11. The method of claim 10, further comprising:
selecting a first portion of the plurality of operations having higher execution times than a second portion of the plurality of operations; and
generating a key operations graph, the key operations graph comprising a plurality of graph elements corresponding to the first portion of the plurality of operations the executing of the graph neural network being based at least in part on the key operations graph.
12. The method of claim 11, further comprising determining a number of common graph elements between the key operations graph and a second key operations graph comprising a second plurality of graph elements corresponding to operations executed by the database management system to implement the second query, the storing of the indication that the execution of the first query at the database management system and the execution of the second query at the database management system are equivalent also being based at least in part on the number of common graph elements.

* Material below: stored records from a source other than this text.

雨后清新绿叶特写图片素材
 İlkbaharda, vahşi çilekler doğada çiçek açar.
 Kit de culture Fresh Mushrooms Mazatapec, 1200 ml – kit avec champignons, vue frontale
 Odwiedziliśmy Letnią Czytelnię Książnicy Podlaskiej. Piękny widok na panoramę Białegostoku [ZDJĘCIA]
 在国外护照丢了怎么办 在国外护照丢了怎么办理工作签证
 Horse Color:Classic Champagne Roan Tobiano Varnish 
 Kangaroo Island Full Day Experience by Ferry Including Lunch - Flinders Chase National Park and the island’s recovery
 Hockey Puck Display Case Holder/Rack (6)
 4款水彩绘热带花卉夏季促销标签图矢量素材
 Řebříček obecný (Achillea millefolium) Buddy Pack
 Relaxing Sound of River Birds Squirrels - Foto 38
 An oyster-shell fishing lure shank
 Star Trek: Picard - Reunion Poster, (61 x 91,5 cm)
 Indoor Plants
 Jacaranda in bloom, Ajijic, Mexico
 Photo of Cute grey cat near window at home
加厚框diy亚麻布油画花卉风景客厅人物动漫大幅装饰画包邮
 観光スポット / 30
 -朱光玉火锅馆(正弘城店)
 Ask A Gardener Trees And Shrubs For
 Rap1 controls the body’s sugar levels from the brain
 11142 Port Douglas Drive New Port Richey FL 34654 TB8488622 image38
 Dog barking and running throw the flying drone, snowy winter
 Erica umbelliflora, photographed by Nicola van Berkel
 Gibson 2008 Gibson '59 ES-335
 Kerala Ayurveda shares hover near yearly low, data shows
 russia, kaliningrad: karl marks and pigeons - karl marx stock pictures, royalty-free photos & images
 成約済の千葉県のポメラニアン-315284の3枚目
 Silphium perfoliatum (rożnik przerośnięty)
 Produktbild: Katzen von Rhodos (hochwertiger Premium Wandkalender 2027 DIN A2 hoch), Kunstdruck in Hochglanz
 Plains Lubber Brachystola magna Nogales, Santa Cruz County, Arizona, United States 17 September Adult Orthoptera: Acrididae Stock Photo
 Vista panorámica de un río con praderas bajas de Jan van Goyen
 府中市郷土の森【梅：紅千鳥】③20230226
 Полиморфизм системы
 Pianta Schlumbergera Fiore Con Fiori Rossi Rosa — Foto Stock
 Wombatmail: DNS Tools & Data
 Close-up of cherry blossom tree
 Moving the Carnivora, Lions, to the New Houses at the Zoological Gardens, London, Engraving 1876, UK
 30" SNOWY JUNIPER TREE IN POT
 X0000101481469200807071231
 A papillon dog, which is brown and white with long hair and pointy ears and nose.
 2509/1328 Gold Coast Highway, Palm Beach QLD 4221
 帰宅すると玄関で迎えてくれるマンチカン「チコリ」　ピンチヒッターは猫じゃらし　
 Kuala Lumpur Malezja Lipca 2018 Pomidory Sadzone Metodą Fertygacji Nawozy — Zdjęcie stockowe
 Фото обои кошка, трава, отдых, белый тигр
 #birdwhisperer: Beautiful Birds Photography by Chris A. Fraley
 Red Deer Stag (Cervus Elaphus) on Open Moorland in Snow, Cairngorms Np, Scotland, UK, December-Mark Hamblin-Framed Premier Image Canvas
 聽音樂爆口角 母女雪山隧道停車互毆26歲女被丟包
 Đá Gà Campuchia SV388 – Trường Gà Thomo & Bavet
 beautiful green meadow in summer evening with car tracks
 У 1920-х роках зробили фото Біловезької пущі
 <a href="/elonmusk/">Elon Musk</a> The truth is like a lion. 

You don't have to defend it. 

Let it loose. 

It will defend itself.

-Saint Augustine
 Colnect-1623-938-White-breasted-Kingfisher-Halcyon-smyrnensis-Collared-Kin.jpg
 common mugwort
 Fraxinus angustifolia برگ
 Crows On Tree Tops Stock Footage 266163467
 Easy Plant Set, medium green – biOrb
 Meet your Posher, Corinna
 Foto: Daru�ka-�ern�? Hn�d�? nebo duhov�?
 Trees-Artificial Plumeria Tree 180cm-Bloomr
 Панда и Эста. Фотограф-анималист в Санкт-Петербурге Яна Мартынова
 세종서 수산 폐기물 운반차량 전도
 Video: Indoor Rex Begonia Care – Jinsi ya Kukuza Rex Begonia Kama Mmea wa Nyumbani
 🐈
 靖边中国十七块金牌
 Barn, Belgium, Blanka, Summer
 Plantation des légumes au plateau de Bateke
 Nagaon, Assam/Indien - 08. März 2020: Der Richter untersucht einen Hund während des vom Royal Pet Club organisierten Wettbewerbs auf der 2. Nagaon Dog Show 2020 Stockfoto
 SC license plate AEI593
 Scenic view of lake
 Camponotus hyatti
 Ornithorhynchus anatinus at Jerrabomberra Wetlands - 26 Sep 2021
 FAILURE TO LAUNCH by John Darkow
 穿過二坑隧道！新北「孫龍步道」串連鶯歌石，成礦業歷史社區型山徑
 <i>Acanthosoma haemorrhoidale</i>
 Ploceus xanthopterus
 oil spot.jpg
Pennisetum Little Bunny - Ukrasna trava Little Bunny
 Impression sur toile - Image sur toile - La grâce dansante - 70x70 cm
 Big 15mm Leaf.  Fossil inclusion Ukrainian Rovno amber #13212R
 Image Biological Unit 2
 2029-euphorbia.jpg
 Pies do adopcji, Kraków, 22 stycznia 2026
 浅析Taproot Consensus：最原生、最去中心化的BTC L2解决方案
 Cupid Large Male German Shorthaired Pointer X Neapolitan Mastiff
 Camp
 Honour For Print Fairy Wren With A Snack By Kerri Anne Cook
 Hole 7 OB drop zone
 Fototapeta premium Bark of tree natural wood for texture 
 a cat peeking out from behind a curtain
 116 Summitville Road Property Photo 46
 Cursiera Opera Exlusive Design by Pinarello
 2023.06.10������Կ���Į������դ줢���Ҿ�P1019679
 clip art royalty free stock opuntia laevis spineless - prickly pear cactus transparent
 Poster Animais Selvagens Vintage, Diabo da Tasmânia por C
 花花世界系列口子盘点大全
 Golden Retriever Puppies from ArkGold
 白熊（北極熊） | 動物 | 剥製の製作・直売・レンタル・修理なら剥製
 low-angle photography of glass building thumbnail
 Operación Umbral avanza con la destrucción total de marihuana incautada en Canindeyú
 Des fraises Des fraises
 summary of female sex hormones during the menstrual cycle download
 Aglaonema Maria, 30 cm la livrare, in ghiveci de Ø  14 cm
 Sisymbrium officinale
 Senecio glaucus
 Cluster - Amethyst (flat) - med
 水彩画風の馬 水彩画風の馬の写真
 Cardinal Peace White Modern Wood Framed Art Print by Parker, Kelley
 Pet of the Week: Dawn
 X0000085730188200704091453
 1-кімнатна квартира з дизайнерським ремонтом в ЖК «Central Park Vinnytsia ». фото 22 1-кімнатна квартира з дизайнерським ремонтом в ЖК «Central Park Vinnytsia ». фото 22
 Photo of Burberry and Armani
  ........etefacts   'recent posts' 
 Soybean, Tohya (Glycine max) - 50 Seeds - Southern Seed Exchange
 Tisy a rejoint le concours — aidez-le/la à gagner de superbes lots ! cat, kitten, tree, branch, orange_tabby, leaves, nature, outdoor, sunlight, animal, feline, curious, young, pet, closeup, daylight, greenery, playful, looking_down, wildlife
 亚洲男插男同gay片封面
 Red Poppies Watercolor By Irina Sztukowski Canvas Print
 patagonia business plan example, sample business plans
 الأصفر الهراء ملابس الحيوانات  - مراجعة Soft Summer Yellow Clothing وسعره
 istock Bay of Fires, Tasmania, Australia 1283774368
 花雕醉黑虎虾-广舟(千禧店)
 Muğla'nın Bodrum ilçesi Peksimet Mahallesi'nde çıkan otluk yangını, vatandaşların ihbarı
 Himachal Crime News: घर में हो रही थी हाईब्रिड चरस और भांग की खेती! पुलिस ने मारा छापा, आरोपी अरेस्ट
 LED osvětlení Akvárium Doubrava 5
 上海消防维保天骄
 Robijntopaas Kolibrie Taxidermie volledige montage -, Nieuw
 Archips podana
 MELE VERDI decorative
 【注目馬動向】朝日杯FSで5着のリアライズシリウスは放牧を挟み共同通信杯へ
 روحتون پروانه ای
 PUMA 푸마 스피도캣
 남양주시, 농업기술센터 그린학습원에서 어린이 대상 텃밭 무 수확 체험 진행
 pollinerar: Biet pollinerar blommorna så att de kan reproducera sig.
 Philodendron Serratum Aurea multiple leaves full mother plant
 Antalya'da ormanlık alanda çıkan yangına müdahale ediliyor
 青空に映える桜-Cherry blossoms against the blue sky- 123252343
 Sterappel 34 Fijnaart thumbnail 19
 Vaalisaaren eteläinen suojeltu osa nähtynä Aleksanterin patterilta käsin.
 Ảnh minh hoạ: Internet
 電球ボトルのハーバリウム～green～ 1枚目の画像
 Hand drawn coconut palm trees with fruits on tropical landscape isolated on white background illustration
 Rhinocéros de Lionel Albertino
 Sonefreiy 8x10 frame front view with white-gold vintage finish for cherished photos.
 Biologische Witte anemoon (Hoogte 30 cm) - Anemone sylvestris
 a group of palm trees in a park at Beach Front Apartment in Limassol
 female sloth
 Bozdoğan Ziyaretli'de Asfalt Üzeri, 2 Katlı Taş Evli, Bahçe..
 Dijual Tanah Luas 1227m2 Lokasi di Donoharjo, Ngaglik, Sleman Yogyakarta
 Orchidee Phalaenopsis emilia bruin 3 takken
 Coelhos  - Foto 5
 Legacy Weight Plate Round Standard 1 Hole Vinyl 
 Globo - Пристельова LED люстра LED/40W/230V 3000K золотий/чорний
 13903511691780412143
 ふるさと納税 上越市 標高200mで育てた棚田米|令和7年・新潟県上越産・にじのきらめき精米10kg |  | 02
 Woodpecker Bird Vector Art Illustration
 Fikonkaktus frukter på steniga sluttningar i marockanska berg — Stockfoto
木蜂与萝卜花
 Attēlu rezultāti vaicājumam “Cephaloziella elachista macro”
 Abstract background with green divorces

13. The method of claim 11, the selecting of the first portion of the plurality of operations comprising ranking of the plurality of operations by execution time.
14. The method of claim 10, the graph neural network being a Siamese graph neural network comprising a graph attention convolutional branch and a graph convolutional branch.
15. The method of claim 14, the graph neural network output being based at least in part on a concatenation of the graph attention convolutional branch and an output of the graph convolutional branch.
16. The method of claim 10, further comprising executing a fully connected neural network using the graph neural network output, the first query execution signature data also being based at least in part on an output of the fully connected neural network.
17. The method of claim 10, the comparing comprising generating a cosine similarity between the first query execution signature data and the second query execution signature data.
18. The method of claim 10, further comprising executing a large language model based at least in part on the first performance data to generate a large language model output, the storing of the indication that the execution of the first query at the database management system and the execution of the second query at the database management system are equivalent also being based at least in part on the large language model output.
19. A non-transitory machine-readable medium comprising instructions thereon that, when executed by at least one processor, because the at least one processor to perform operations comprising:
accessing a first performance data describing a plurality of operations executed by a database management system to implement a first query;
executing a graph neural network using the first performance data to generate a graph neural network output;
generating first query execution signature data describing the execution of the first query at the database management system, the generating of the first query execution signature data being based at least in part on the graph neural network output;
comparing the first query execution signature data to second query execution signature data describing execution of a second query at the database management system; and
based on the comparing, storing an indication that the execution of the first query at the database management system and the execution of the second query at the database management system are equivalent.
20. The medium of claim 19, the operations further comprising:
selecting a first portion of the plurality of operations having higher execution times than a second portion of the plurality of operations; and
generating a key operations graph, the key operations graph comprising a plurality of graph elements corresponding to the first portion of the plurality of operations the executing of the graph neural network being based at least in part on the key operations graph.